*** GIVEN INFORMATION ***

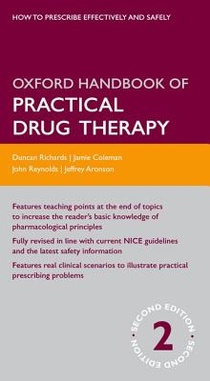 Oxford Handbook of Practical Drug Therapy voorzijde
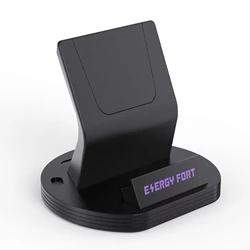 Ultra Fast 240W Wireless Charging Station with Magnetic Dock - Black Dock Only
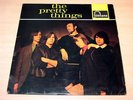 The Pretty Things/Self Titled/1965 Fontana Mono LP/First Press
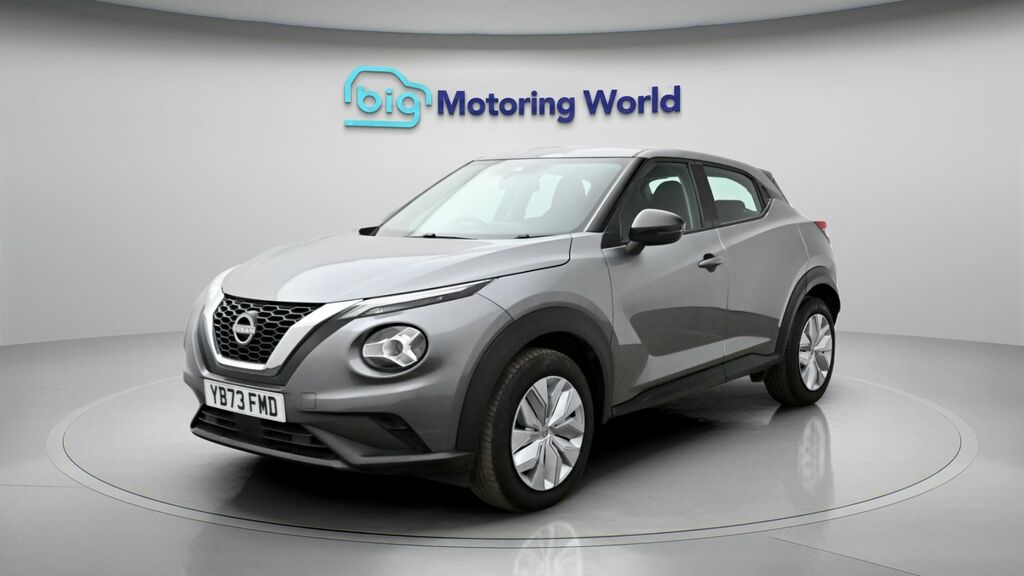 Nissan Juke Acenta YB73FMD Grey #3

*** End of GIVEN INFORMATION ***

§ YOUR TASK: With pictures left out, extract the lines from the one containing "Ultra Fast 240W" to the end of the material above, both included, exactly as written.

§ ANSWER SECTION:
 Ultra Fast 240W Wireless Charging Station with Magnetic Dock - Black Dock Only
 The Pretty Things/Self Titled/1965 Fontana Mono LP/First Press
 Nissan Juke Acenta YB73FMD Grey #3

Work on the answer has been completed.